RECORDED INFORMATION Start Marker
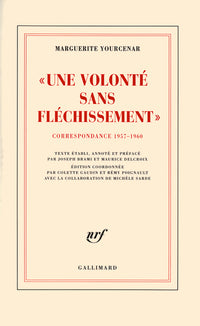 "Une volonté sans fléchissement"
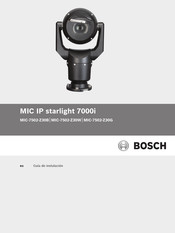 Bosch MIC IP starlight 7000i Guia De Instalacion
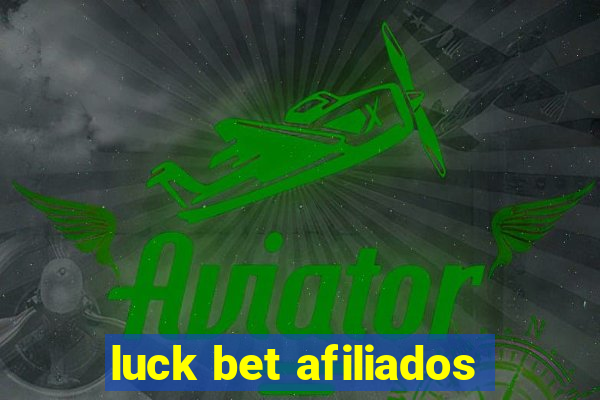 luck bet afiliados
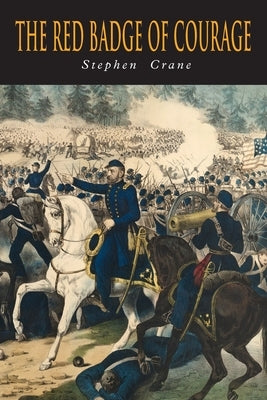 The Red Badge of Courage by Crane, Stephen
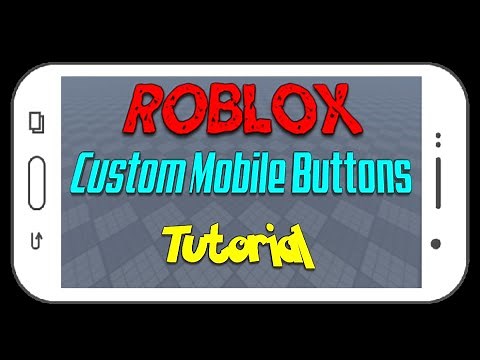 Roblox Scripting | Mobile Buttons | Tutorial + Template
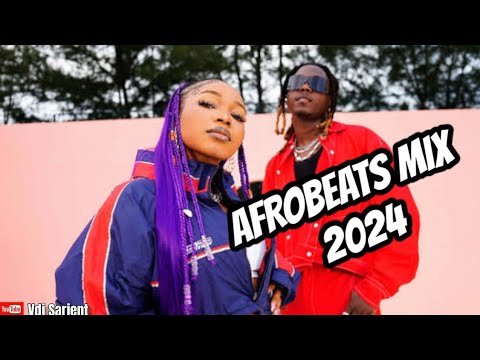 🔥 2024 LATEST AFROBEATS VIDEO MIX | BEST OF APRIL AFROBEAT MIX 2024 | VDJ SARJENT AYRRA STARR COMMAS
RECORDED INFORMATION End Marker
RECORDED INFORMATION Start Marker
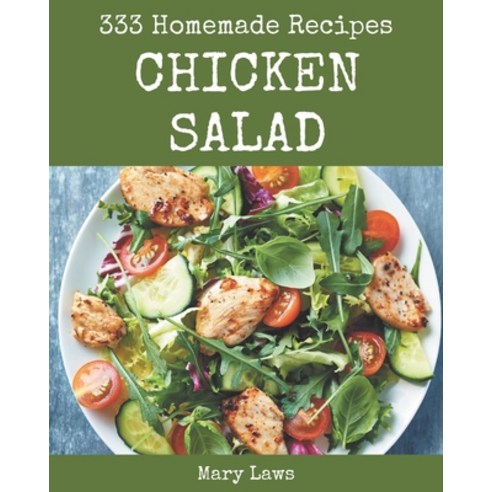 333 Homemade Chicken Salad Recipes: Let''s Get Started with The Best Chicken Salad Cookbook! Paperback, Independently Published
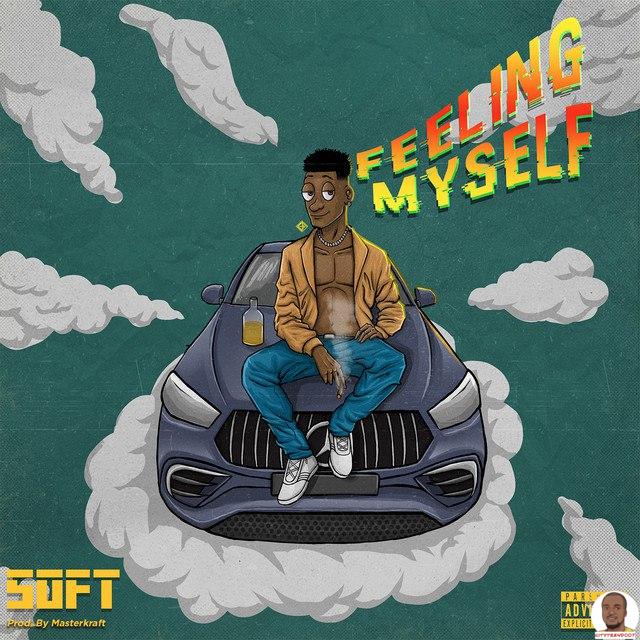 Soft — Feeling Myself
RECORDED INFORMATION End Marker
▶ **WHAT YOU HAVE TO DO**
Within the listing above, extract exactly the lines that run from the one containing "333 Homemade Chicken" through the one containing "Soft — Feeling Myself", excluding any pictures.

▶ **TASK OUTPUT**
 333 Homemade Chicken Salad Recipes: Let''s Get Started with The Best Chicken Salad Cookbook! Paperback, Independently Published
 Soft — Feeling Myself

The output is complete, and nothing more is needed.